In the records below, the lines between the one holding "Terrazzo Bandicoot Pumpkin" and the one holding "14k White Gold", inclusive, are to be transcribed exactly; no pictures are to be included.

*Data for the task*:
⁂

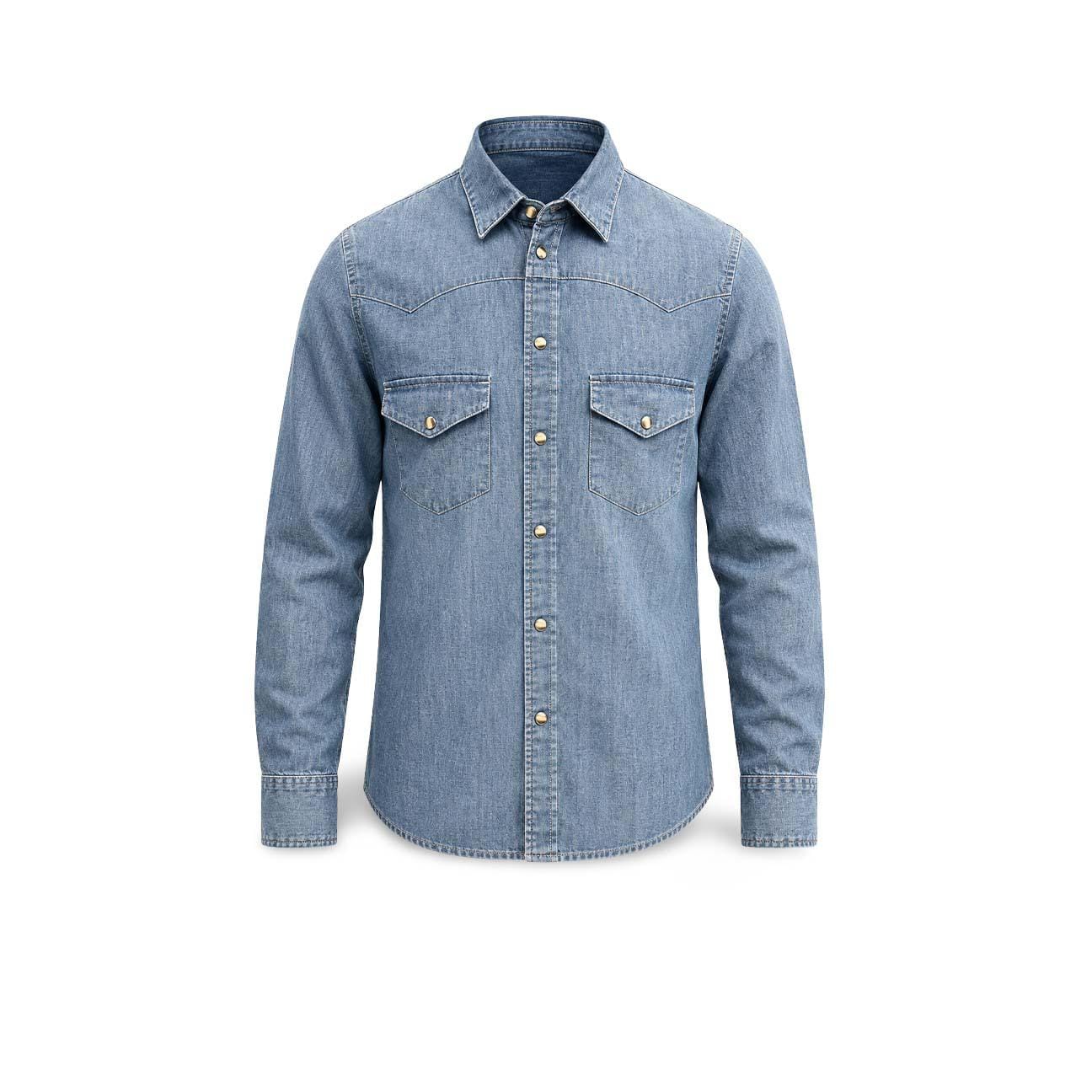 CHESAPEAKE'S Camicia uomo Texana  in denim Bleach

⁂

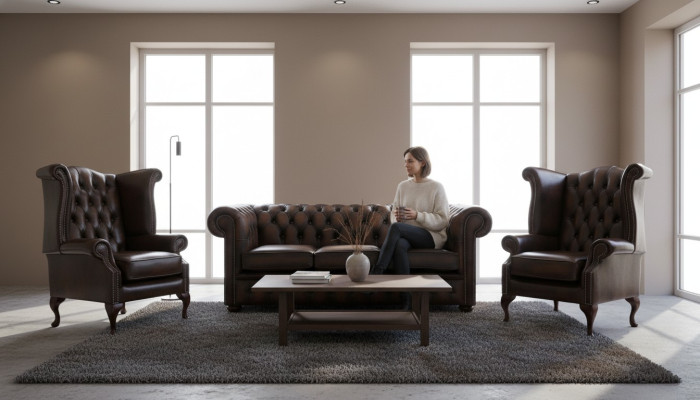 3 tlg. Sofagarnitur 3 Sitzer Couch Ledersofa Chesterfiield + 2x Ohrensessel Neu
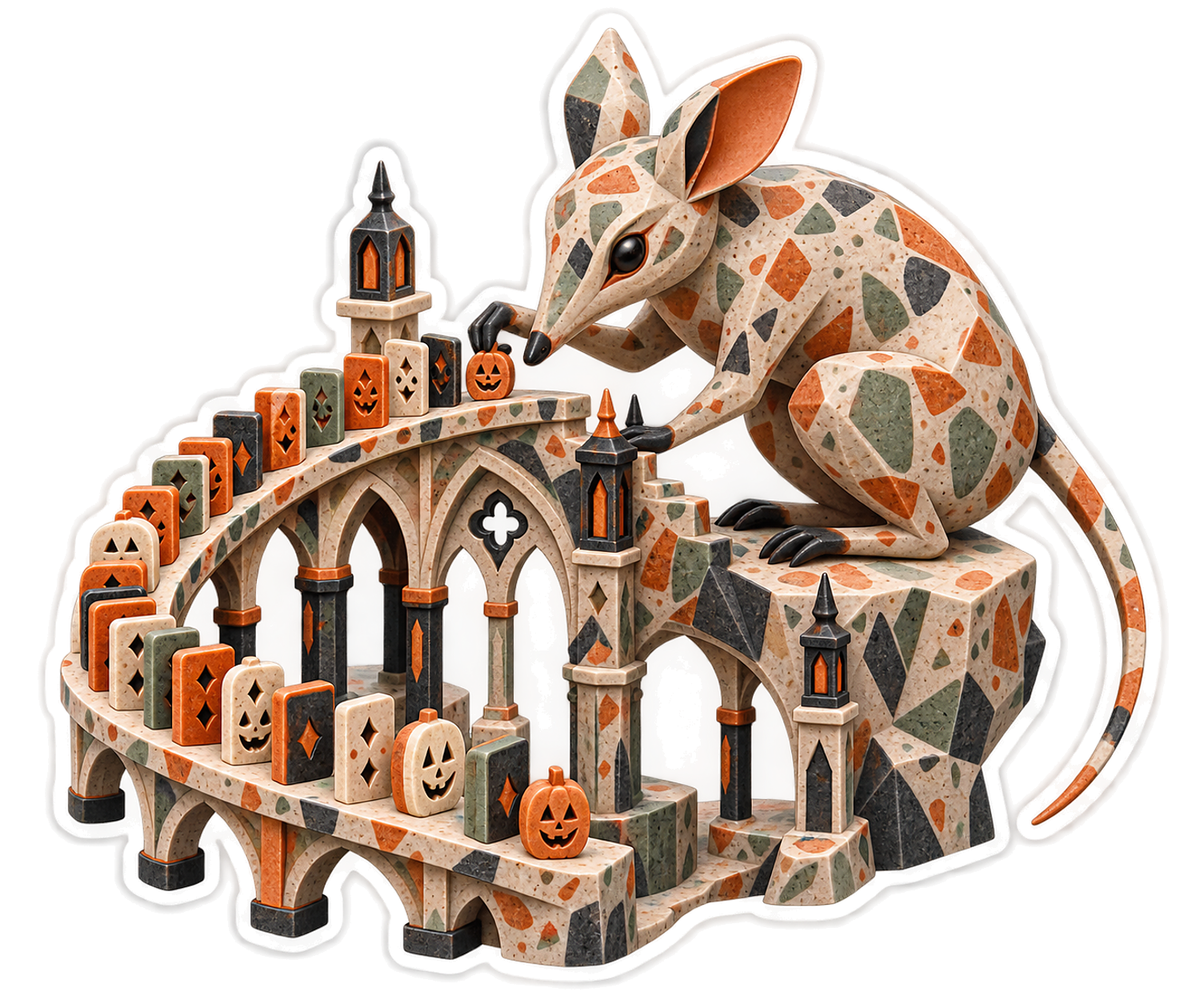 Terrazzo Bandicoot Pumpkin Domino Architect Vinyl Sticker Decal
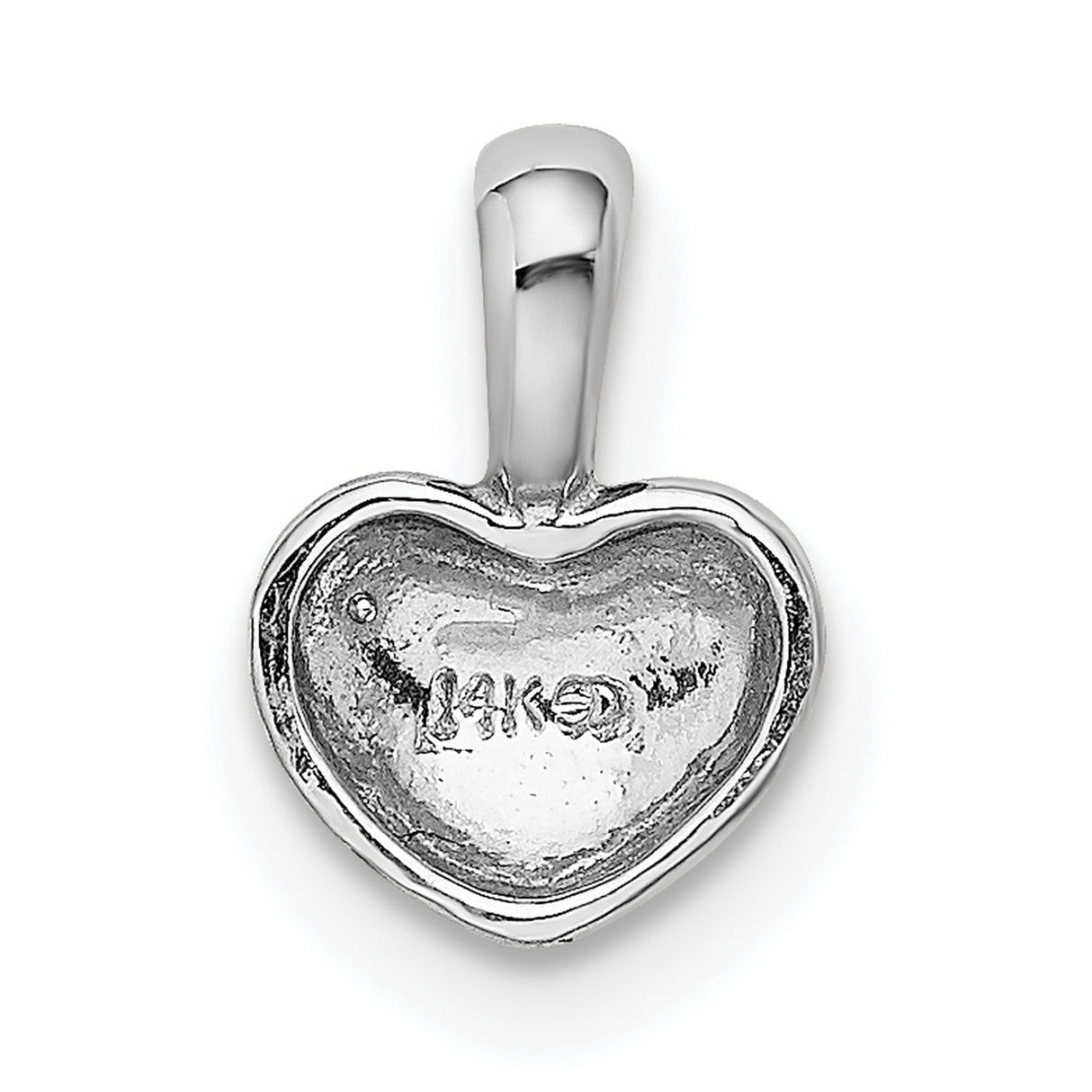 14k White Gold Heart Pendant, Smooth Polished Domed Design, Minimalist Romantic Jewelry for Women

⁂

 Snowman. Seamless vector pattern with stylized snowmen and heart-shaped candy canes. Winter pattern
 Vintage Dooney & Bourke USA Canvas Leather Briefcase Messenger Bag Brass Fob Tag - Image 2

⁂

*Output*:
 Terrazzo Bandicoot Pumpkin Domino Architect Vinyl Sticker Decal
 14k White Gold Heart Pendant, Smooth Polished Domed Design, Minimalist Romantic Jewelry for Women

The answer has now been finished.